What Is A Commercial Hire Purchase Car Loan?
A commercial hire purchase car loan is a unique way for businesses to buy vehicles.
Instead of going through the traditional financing process of borrowing a large sum or money to buy a vehicle, the lender buys the vehicle for the company. In turn, the company then hires out or rents the vehicle from the lender, making monthly payments for that service. Eventually, the purchase price is paid off and the vehicle can either become property of the business or it can be traded in or refinanced. You might think that this sounds like an odd way to buy a car, but it can work well for businesses. Instead of having a large debt on their books for several years, they merely have a monthly rental payment. This small change can make a big difference in the overall financial standing of most companies.
Why Choose A Commercial Hire Purchase Car Loan?
Value – If you take out this type of car loan, you are more likely to retain higher residual value. Based on the type of vehicle or vehicles that you purchase, you can get a return of up to sixty percent of the residual value.

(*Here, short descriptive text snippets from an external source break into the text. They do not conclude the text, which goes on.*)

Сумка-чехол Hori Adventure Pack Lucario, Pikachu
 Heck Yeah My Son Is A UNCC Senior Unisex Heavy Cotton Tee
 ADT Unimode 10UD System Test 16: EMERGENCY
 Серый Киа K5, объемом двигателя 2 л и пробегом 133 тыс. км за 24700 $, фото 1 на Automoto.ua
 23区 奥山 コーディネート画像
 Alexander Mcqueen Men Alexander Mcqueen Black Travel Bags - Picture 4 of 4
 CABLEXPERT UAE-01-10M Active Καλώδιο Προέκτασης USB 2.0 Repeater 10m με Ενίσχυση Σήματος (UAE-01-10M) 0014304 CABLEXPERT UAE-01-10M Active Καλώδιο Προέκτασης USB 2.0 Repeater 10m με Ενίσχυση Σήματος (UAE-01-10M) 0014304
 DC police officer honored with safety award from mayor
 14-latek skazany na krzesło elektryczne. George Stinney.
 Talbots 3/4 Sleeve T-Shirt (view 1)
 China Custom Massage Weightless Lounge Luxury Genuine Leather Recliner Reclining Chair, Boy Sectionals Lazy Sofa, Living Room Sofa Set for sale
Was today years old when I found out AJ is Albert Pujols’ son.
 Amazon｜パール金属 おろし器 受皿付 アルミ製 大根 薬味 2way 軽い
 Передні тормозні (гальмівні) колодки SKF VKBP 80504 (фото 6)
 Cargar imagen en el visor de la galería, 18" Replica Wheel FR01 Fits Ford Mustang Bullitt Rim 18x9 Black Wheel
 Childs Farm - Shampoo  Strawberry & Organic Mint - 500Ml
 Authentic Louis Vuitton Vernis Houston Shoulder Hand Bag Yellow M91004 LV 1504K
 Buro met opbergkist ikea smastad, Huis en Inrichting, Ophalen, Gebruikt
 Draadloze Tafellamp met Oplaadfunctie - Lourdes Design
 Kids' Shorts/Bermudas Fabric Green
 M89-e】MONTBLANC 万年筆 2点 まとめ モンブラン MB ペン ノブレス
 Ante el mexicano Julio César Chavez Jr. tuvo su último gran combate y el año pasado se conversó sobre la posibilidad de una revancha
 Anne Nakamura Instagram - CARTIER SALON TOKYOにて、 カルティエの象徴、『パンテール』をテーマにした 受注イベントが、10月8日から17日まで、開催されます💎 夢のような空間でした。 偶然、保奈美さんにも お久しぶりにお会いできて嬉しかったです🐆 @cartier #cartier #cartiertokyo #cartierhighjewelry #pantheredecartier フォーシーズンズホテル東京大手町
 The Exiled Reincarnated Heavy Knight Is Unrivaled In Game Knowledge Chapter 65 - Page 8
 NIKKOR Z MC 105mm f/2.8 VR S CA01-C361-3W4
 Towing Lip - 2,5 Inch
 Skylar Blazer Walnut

Terms – Much like traditional borrowing options, you can set your term from two to five years based on your ability to pay off the debt. The shorter the term, the less interest you wind up paying which in turn reduces your cost. Because this type of financing is secure, it will garner lower interest rates, which also saves money. Typically, there are no ongoing account maintenance fees and fixed interest rates.
That means that your business can budget for the payments for the life of the debt without worry about fluctuations in the market. If you want to further reduce cost, you can choose to put down a deposit on the vehicle, much like you would do with a traditional financing option.
Taxes – As long as the vehicle is being used for business purposes, you can claim some tax deductions for you costs. This includes, claiming depreciation on it, up to the depreciation limit, as well as claiming the interest you are being charged. When you choose this finance option, there will usually be GST charged on the purchase price but not on the monthly payments or the residual payment. If your company is registered on an accruals basis for GST, you can usually claim the purchase price GST on your BAS as an Input Tax Credit.
It is easy to see why this financing option is available as there are so many benefits to using it. However, it is not for every consumer. Only businesses can actually partake in this option. That includes traditional companies, partnerships, and sole traders. If you are self employed, you can use this option even if the vehicle will sometimes be used for personal tasks. The key is to prove that the majority of the use of that car will be related to work that garners income. Businesses who are currently registered for GST on the accruals accounting basis get the most benefit from this type of loan.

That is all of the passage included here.